Poster Presentation 14th International Biennial Conference on Metastasis Research 2012

Esophageal squamous carcinoma and normal squamous epithelia express differentially glycosylated mucin 21 (#89)

Yuan Tian 1 , Kaori Denda-Nagai 1 , Mika Kamata-Sakurai 1 , Shoji Nakamori 2 , Tatsuro Irimura 1
  1. The University of Tokyo, Bunkyo-ku, Tokyo, Japan
  2. National Hospital Organization Osaka National Hospital, Osaka, Japan

Aberrant glycosylation occurs in essentially all types of experimental and human cancers. Many glycosyl epitopes constitute tumor-associated antigens, and mucin with aberrant glycoforms has been known to involve cancer progression and metastasis. However, there are few reports of the association between the glycosylation of mucins and squamous carcinoma. Here, we show that human mucin 21 (MUC21) could be used as a marker of squamous carcinoma in esophagus.
Monoclonal antibodies (mAbs) against mucin 21 (MUC21), a human counterpart of mouse epiglycanin/Muc21, were prepared using human embryonic kidney 293 cells transfected with MUC21 as the immunogen. The specificity of these mAbs was examined by flow cytometry, immunoprecipitation, and Western blotting, focusing on the differential glycosylation of MUC21 expressed in variant Chinese hamster ovary (CHO) cells (ldlD cells and Lec2 cells) and CHO-K1 cells. One of these mAbs, heM21D, bound to both the unmodified core polypeptide of MUC21 and MUC21 attached with N-acetylgalactosamine (Tn-MUC21). Six antibodies, including mAb heM21C, bound to MUC21 with Tn, T, or sialyl-T epitopes but not the unmodified core polypeptide of MUC21. Esophageal squamous carcinomas and adjacent squamous epithelia were immunohistochemically examined for the binding of these mAbs. MUC21 was expressed in esophageal squamous epithelial cells, and its O-glycan extended forms were observed in the luminal portions of squamous epithelia. As revealed by the binding of mAb heM21D and the absence of reactivity with mAb heM21C, esophageal squamous carcinoma cells produce MUC21 without the attachment of O-glycans.
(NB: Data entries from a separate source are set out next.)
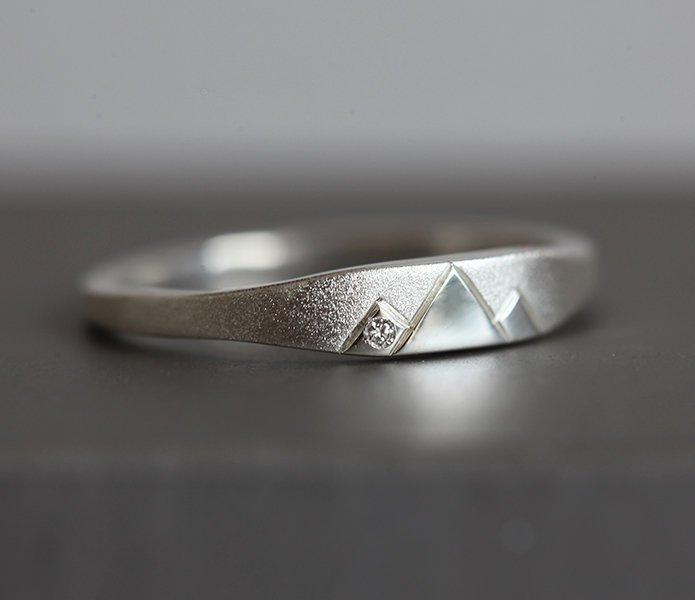 Anya Gold Wedding Ring, Unique Wedding Ring-Capucinne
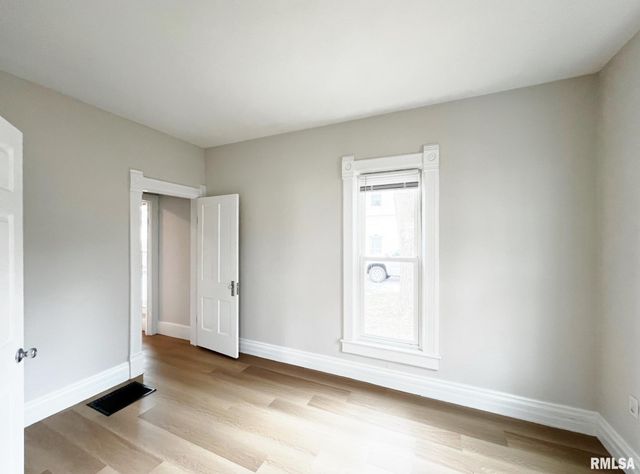 616 N 5TH Street, Chillicothe, IL 61523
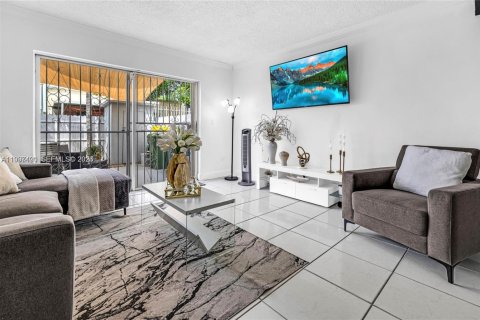 Townhouse in Hialeah, Florida 2 bedrooms, 92.9 sq.m. № 2059287 - photo 14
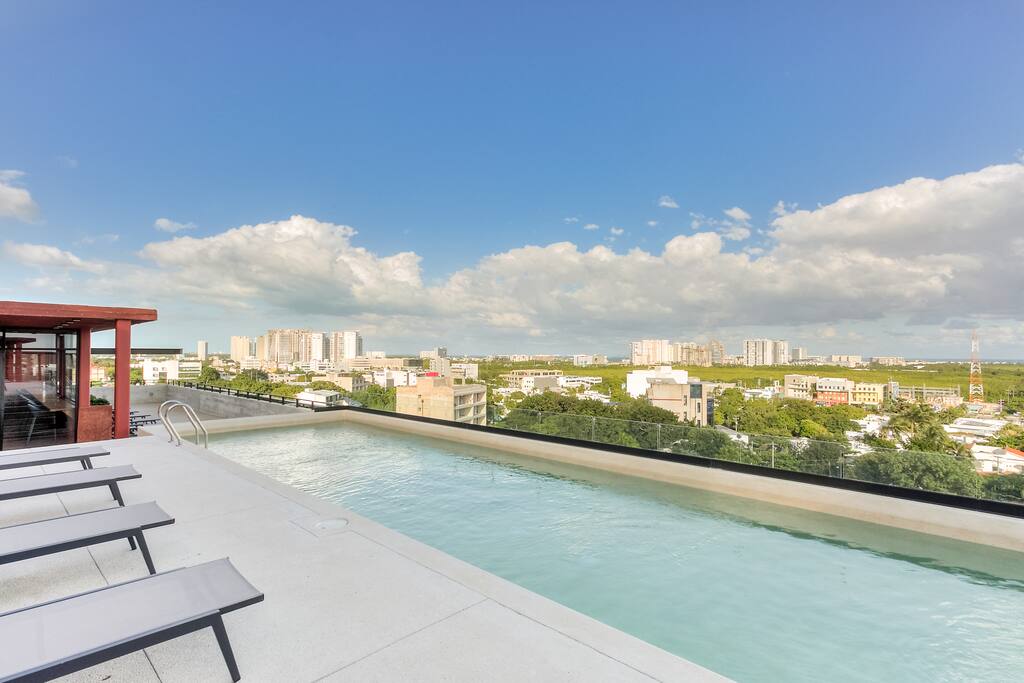 Centrally located apartment with rooftop and gym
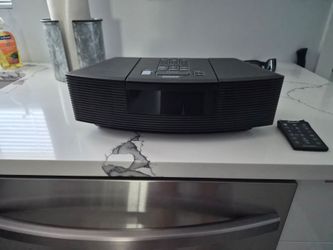 Used bose radio ,alarm clock, sound bar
This is the first report to show that there is a change in the glycoform of MUC21 that can be used to differentiate between squamous epithelia and squamous carcinoma of the esophagus. Thus, these antibodies represent a useful tool to characterize squamous epithelial differentiation and carcinogenesis.
This work was supported in part by Global COE Program “Medical System Innovation on Multidisciplinary Integration” from MEXT, Japan.